Argentina has become a very active area for our AC 2000 horsepower class in the Vaca Muerta region, and currently enjoy strong demand for our ADR type rigs, along with our Edge control technology there, working primarily with various IOCs. Venezuela, a bit of an enigma right now, but when you get past some of the news, the energy business is still a necessity.

Most of our contracts are with mixtas, and we believe sanctions on oil are unlikely. We see Venezuela business not being adversely affected.

But nonetheless at the same time, it will become more challenging. There's never a dull moment in Venezuela.

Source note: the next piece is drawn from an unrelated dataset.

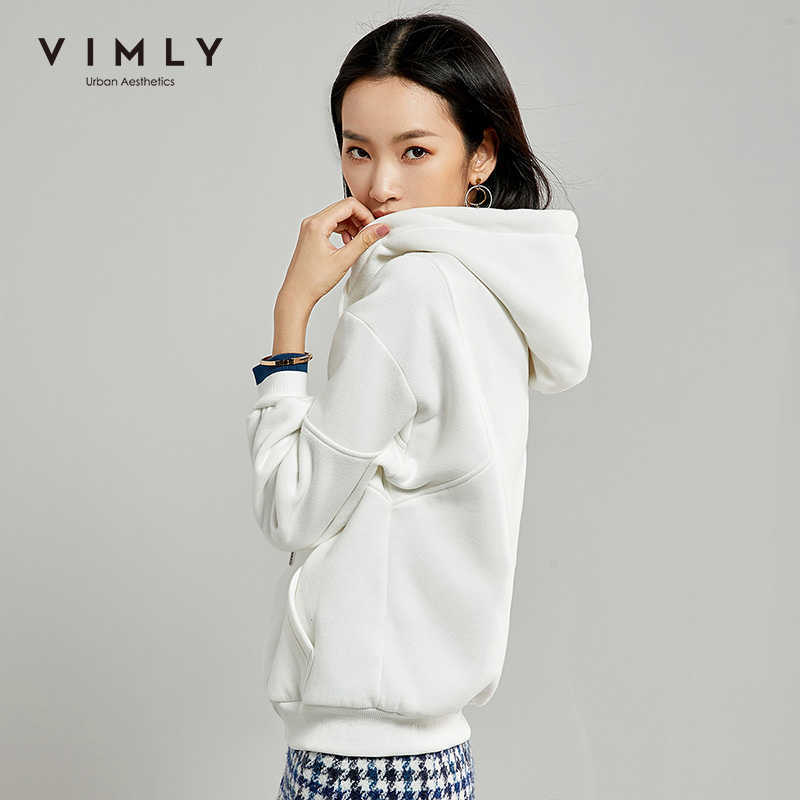Vimly Women Hoodies Winter Fashion Hooded Letter Pockets Thick Clothing Loose Casual Sweatshirt Female Pullover Tops 98757 210910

But we've been here for a long time, and it's a file that we know very well. So that's all I had.

Back to you, Bob.

Robert Geddes

Thanks, Mike. So we'll turn it back to the operator for Q&A.

Operator

[Operator Instructions] And we have a question from the line of Jon Morrison from CIBC Capital Markets. Your line is open.

Robert Geddes

Hello, Jon.

Jon Morrison

Afternoon, all. Mike Nuss, can you talk about Venezuela.

You said that you have 4 rigs running right now. Has that held fairly constant over the last couple months?

Mike Nuss

Yes, it's held constant through the year.

Jon Morrison

Okay. And is your view - I realize it's really hard to forecast things.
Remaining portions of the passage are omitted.